Leonid Pasternak was a master of rapid drawings, capturing characteristic movements and poses. His modelli are often far more powerful than his finished paintings. The artist often sketched the members of his family. The permanent exhibition includes portraits of the artist’s wife and daughters at home, out walking, Rosalia Pasternak at the Sea (1911) and such cosy scenes of domestic life as Twosome at a Table (c. 1910). Contemporaries joked that Pasternak’s children were the main breadwinners in the family. Drawings and lithographs of scenes from the lives of his children enjoyed great popularity among collectors. The Museum of Private Collections also owns a large (204 x 75 cm) and extremely interesting canvas entitled Self-Portrait with the Artist’s Wife. This was part of a modello for Congratulations (1915, Tret. Gal.).
Later, all four children fondly recalled the magical atmosphere of their home. Many famous people visited their apartment on Volkhonka Street. A close friend of Leonid Pasternak since the 1880s, Valentin Serov came here before his death in 1911. Alexander Scriabin and Serge Rachmaninoff played their new works at the house or listened to them being performed by Pasternak’s wife. Jurgis Baltrusaitis, Fyodor Chaliapin, Prince Pyotr Kropotkin, Mikhail Gershenzon and Catherine Breshkovsky came to Volkhonka Street to have their portraits painted. While they were posing, Rosalia Pasternak entertained them on the piano. When Émile Verhaeren moved to Moscow in December 1913, he also sat for Leonid Pasternak.
In 1945, six months after the death of his father, Boris Pasternak wrote to his sisters in England: “Amazement at the perfection of his mastery and talent, at the ease with which he worked (jokingly and playfully, like Mozart), at the sheer quantity and quality of what he accomplished; an amazement so vivid and fervent that I am disgraced and destroyed by all comparisons on these points.

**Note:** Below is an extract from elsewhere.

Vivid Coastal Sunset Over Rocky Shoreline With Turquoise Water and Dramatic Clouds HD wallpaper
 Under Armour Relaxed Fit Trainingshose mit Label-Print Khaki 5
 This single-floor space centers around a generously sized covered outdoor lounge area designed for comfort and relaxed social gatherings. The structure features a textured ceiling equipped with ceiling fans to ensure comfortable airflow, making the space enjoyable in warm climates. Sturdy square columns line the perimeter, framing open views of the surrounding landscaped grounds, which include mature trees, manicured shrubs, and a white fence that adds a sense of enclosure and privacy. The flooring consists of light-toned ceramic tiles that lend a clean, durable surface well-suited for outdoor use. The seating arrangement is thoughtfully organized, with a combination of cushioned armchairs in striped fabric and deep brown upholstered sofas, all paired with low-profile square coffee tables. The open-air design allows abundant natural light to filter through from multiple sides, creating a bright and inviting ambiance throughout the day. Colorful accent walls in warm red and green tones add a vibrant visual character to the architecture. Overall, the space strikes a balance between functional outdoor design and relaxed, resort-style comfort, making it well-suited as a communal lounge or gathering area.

I wrote to him that he need not be dismayed that his enormous services have not received even a hundredth of the recognition they deserve … that there is no justice in our lives, that fate has neither diminished nor begrudged him, that he will ultimately triumph, having lived such a sincere, natural, interesting, itinerant and rich life, part of it in his blessed nineteenth century and part of it in loyalty to it, rather than in the wild, devastated and fraudulent twentieth century, where I have inherited, instead of everything real that surrounded him, instead of his freedom, prolific work, travels and conscious and beautiful existence, merely pleasant words, which I sometimes hear and which I do not deserve.”